Thomas was born in Cwmbach, Glamorgan, Wales in December 1925, to William Bryn and Mary Olinda Thomas. He went to the Mountain School, Port Talbot from 1930 to 1938, and to Rendcomb College, Cirencester, Gloucestershire from 1939 to 1944. He was known there as Willie. He was a leading light in the school's many theatrical ventures. He left Rendcomb in 1944 with a history scholarship to Queens' College, Cambridge. Soon thereafter he was called up as a Bevin Boy (coal miner apprentice) to serve as a coal miner in Wales for the duration of World War II. He studied at the Bristol Old Vic Theatre School from 1947 to 1948. He was a member of the Royal Shakespeare Company at Stratford-upon-Avon from 1951 to 1956. Thomas went to Canada in 1956 and worked for the Canadian Broadcasting Corporation. He was one of the first actors at the Stratford Shakespeare Festival in Ontario and was the first director for the actors' workshops there. With Michel Saint-Denis, he founded the National Theatre School of Canada in 1960 and was artistic director for the English section until 1965. Thomas also founded the Vancouver Playhouse school.

Thomas gave memorable performances in King Lear in Vancouver, The Three Musketeers, Waiting for Godot and Lorenzaccio at Stratford (Ontario) and in Three Sisters in Winnipeg.

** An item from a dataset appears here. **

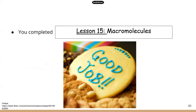All right, guys, we finally finished the macromolecules lesson. I know this has taken a long time because there are four groups of macromolecules, but we finished it. Good job, guys, and I'll see you in the next lesson.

Thomas can be seen as Hudson in "The Last Voyage of Henry Hudson" a role to which he gives Shakespearean dimensions, black and white (Educational Film Board of Canada) on YouTube.

==Family==
Thomas married actress Ann Morrish in July 1951. They had three children, and were divorced in 1968.

== Death ==
Thomas died suddenly during a holiday in Wales on 22 June 1977, at the age of 51.